On 09/24/10 15:32, Frank Schönheit wrote:
If there ever crop up new tests that do require a complete OOo
installation,

While I agree that the unoapi tests are quite fragile, the current
subsequenttests are more than this. In particular, there are complex
test cases which I'd claim are much more stable. (More precise, I'd
claim this for the complex tests in at least forms and dbaccess, since
we spent significant efforts in the past to actually make them stable
and reliable.)

So, I would be somewhat unhappy to throw all those "they require a
running OOo instance" tests into the same "unreliable" category.

See the list of sporadic failures at the end of <http://wiki.services.openoffice.org/wiki/Test_Cleanup#unoapi_Tests_2>. Many of them deal with problems during process shut down, and many of them are probably generic enough to not only affect qa/unoapi tests, but also qa/complex tests.

However, if you have a complex test for which you can show that it works reliably enough on all relevant platforms and on all buildbots so that it can be executed during every build -- no problem to actually include that test in every build (i.e., go down the "if there ever crop up new tests..." route detailed in the OP).

Other than that, I'd claim that for a halfway complex implementation,
you pretty early reach a state where you need an UNO infrastructure at
least, and quickly even a running office. So, I don't share your
optimism that new tests can nearly always be written to not require a
running OOo.

The trick is to let writing tests guide you when writing an implementation, so that the resulting implementation is indeed (unit) testable. See for example <http://www.growing-object-oriented-software.com/> for some food for thought. However, how well this works out for us needs to be seen, indeed...

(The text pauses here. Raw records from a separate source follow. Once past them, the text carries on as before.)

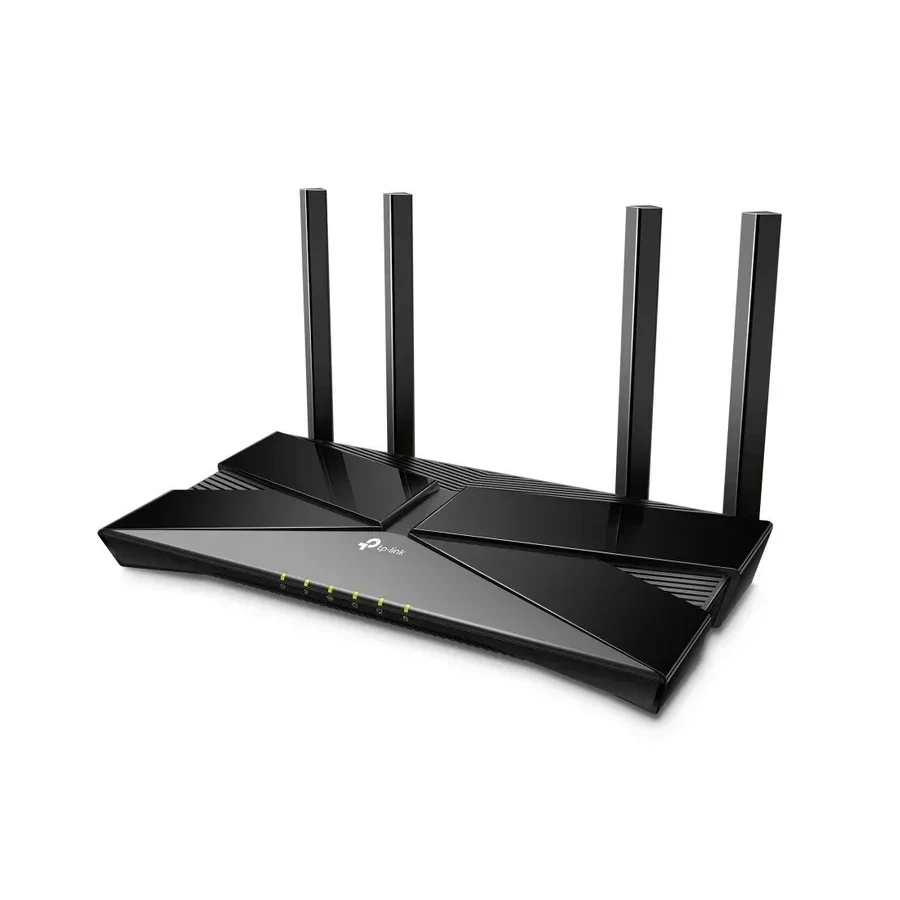 Маршрутизатор TP-Link Archer AX58, AX3000, Wi-Fi 6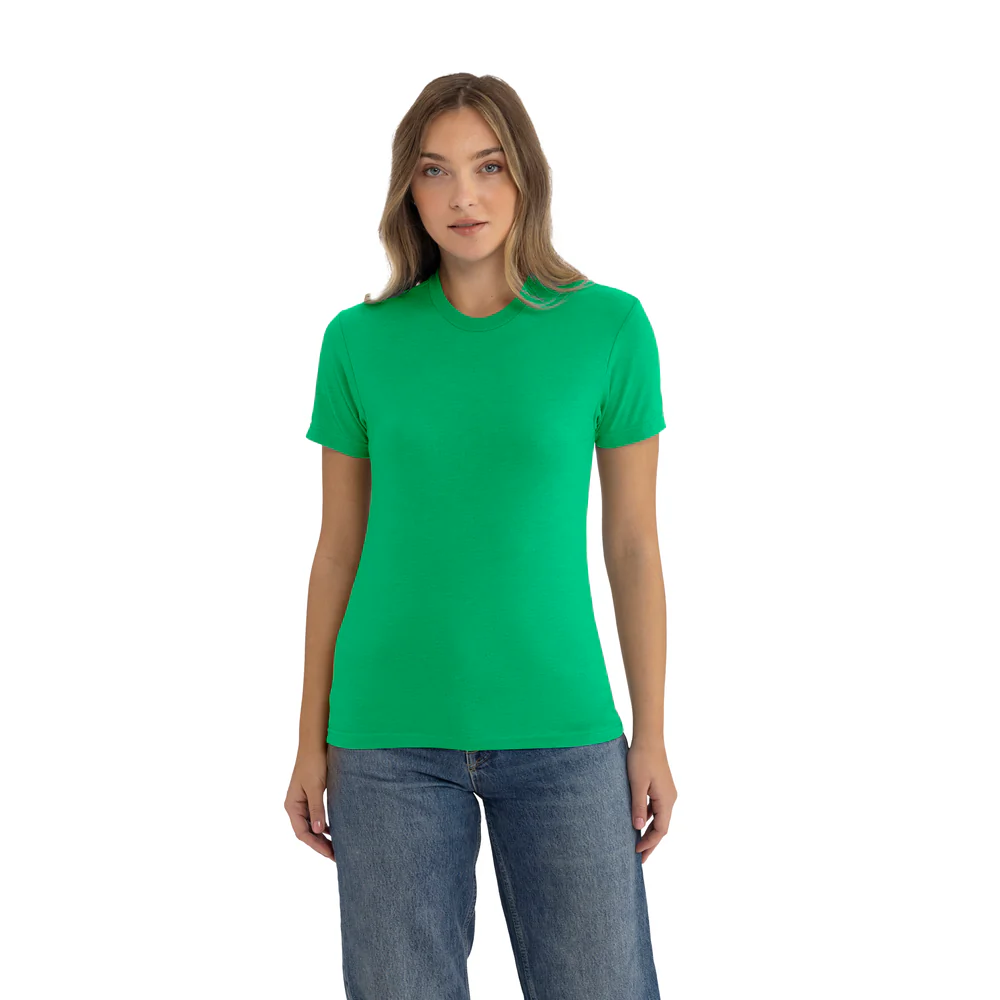 Tri-Blend T-Shirt - Image 4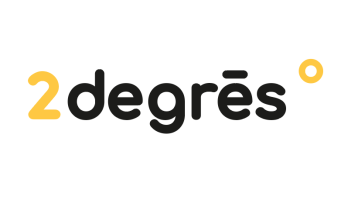 2 Degrés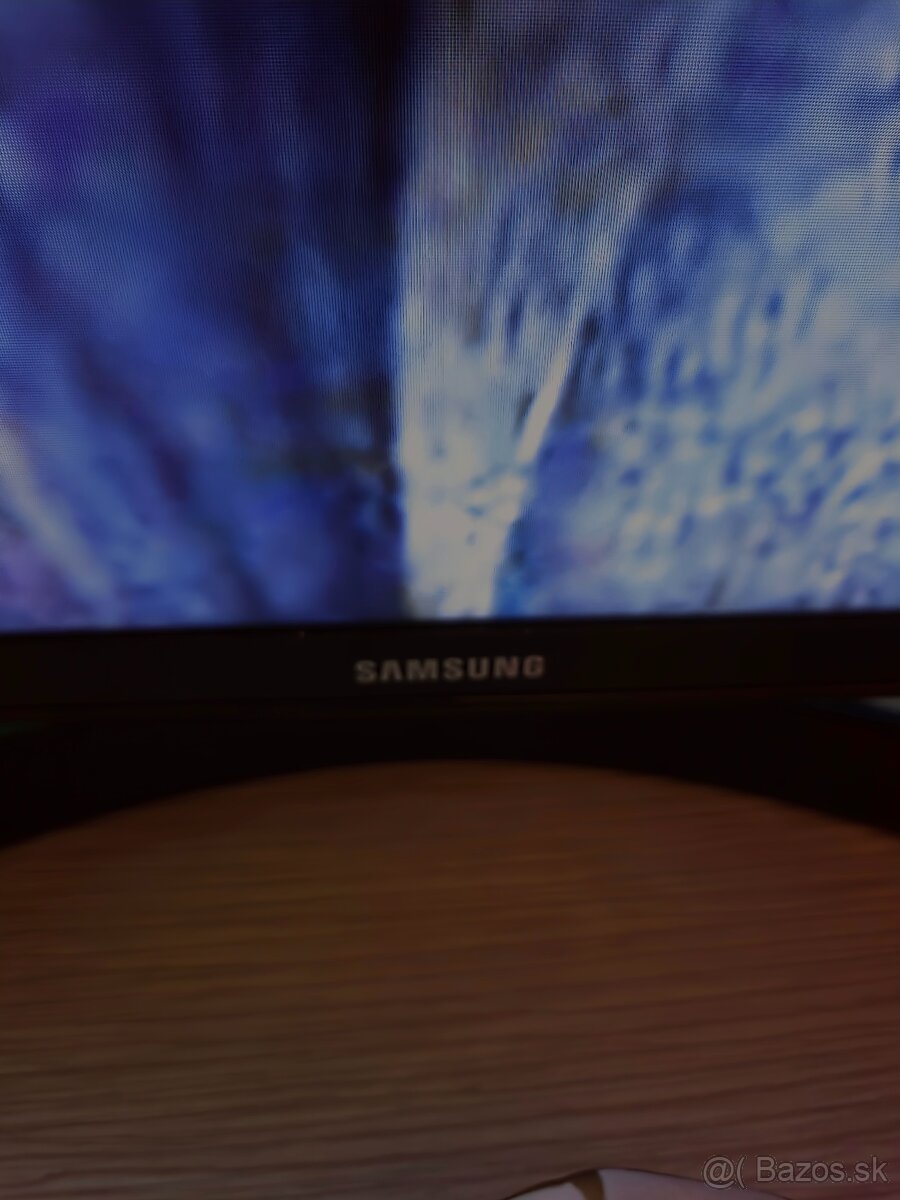 Samsung smart TV - 2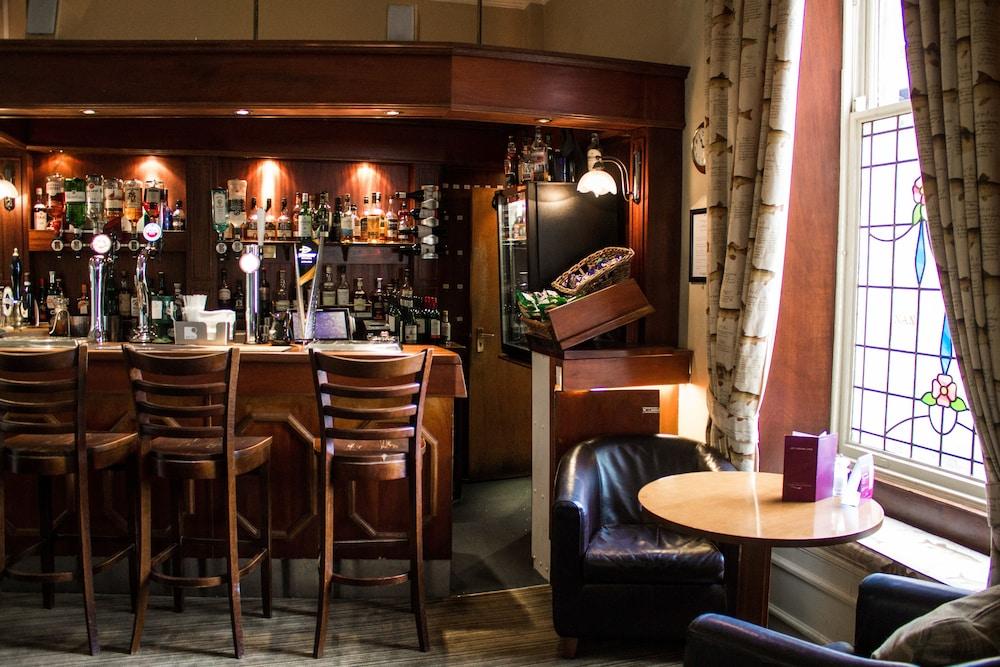 The Murray Park Hotel Crieff Εξωτερικό φωτογραφία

One reason more to keep a subsequenttests infrastructure which can be
run all the time (i.e. excludes unoapi) - we'll need it more sooner than
later, if we take "write tests" serious.

The subsequenttests infrastructure will not go away. And I urge every developer to routinely run subsequenttests for each CWS (just as you routinely ran cwscheckapi for each CWS in the past) -- it is just that its output is apparently not stable enough for automatic processing.